#### Brief
The listing is to be printed word for word, pictures omitted.

#### Data excerpt
★ ★ ★ ★ ★
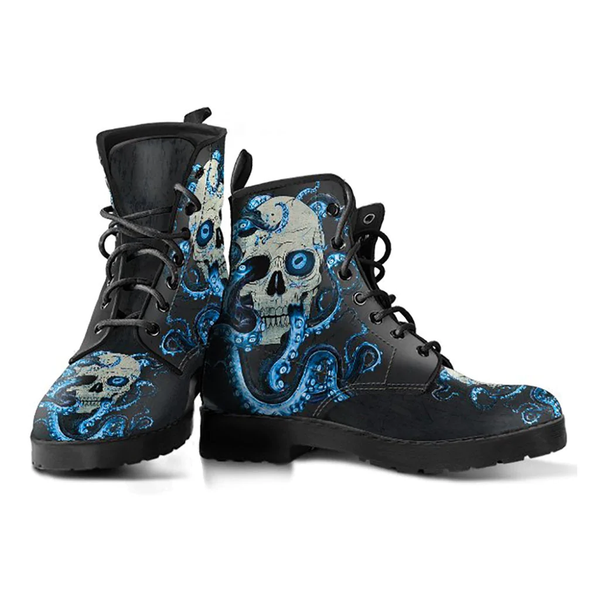 Combat Boots for Women - Skull With Octopus Tentacles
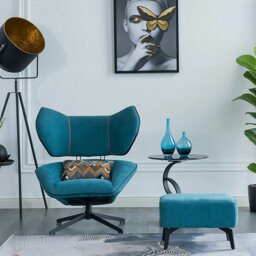 Rackhams Gallo Swivel Lounge Chair With Footstool, Blue - thumbnail 2
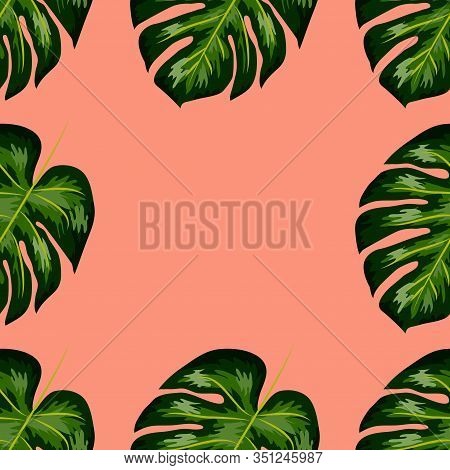 Tropical Pattern. Seamless Texture With Bright Hand Drawn Leaves Of Monstera.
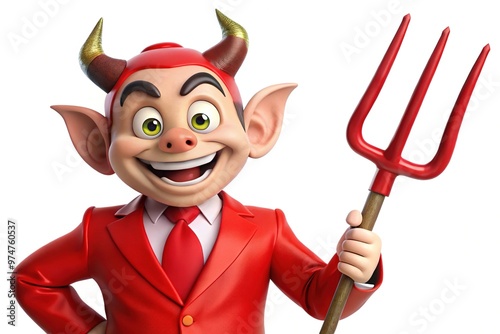 A cheerful, mischievous, horned cartoon character with a playful smirk, dressed in a bright red suit and holding a pitchfork, against a white background.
★ ★ ★ ★ ★
#### Result of this exercise
 Combat Boots for Women - Skull With Octopus Tentacles
 Rackhams Gallo Swivel Lounge Chair With Footstool, Blue - thumbnail 2
 Tropical Pattern. Seamless Texture With Bright Hand Drawn Leaves Of Monstera.
 A cheerful, mischievous, horned cartoon character with a playful smirk, dressed in a bright red suit and holding a pitchfork, against a white background.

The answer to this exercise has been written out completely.